A question we get asked a lot about is how the Federal Reserve is likely to react to President-elect Donald Trump’s tariffs. The short answer is that the Fed is likely to ignore them.

Critics of the tariffs have argued that raising duties on imports will be inflationary, will slowdown U.S. growth or even tip the economy into a recession, and will force the Fed to raise interest rates in reaction to higher prices. Sometimes a single analyst or pundit claims all three things will happen.

There’s no widely accepted model of the economy in which tariffs themselves are inflationary. Quite the opposite. Tariffs are a tax on importers, which lowers their income. All other things being equal, this is a deflationary impulse from tariffs.

What’s more, tariffs are likely to push up the value of the dollar against foreign currencies. That will increase the purchasing power of the U.S. dollar, which is also deflationary.

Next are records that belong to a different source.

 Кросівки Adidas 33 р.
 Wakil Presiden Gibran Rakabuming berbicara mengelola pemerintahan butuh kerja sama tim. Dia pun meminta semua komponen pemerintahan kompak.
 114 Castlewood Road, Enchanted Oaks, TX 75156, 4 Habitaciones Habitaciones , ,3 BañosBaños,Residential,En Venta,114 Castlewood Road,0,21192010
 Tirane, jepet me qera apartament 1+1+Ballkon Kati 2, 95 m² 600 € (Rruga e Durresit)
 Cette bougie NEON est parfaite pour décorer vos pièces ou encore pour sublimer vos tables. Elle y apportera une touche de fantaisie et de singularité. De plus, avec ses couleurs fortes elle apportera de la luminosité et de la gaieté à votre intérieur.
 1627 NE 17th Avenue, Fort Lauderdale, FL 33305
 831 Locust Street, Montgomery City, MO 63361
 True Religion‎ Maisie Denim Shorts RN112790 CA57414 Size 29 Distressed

We saw exactly this dynamic when Trump put tariffs on Chinese goods. There is good argument that the deprecation of Chinese currency was so strong that it partially undermined the effectiveness of the tariffs, allowing Chinese manufacturers to defend their market share despite the increased duties.

Of course, the critics of tariffs say that importers will pass on the costs of the tariffs to consumers, pushing prices of imports up. But a one-time increase in prices as a reaction to tariffs is not persistent inflation. What’s more, it is likely that other prices would adjust downward in reaction to consumers spending more on imports, making the impact on the overall price level minimal.

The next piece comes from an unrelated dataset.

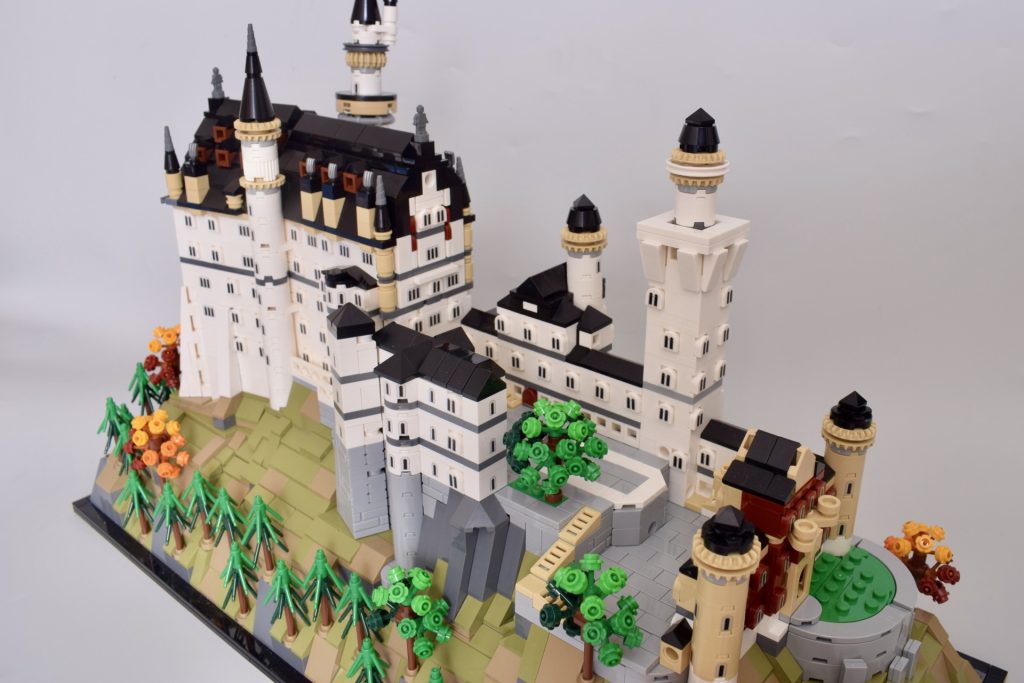 LEGO Architecture 21063 Neuschwanstein Castle review 39 1024x683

The Fed Will See Any Price Increases as Transitory

The Fed’s reaction to price increases due to tariffs would not likely be to increase interest rates. The Fed is not a machine that responds automatically to inputs such as higher prices. It inquires into the source of price increases and attempts to determine whether they are likely to last and whether higher interest rates would effectively restore price stability. Recall that when inflation began to take off early in the Biden administration, the Fed did not react because it believed inflation would be transitory and assumed a good deal of inflation was being caused by supply-chain constraints.

In the case of tariffs, the Fed is likely to view any price effects as one-offs and unlikely to be effectively offset by rate hikes. Ironically, some of the same people who claim the Fed would raise rates in response to tariffs argued that the Fed was over-tightening in 2022 and 2023 because they saw inflation as mostly a result of supply constraints. They understood properly that the main effect of higher rates is on the demand side, which means they would not be very effective at holding down “pass-through” price increases from tariffs.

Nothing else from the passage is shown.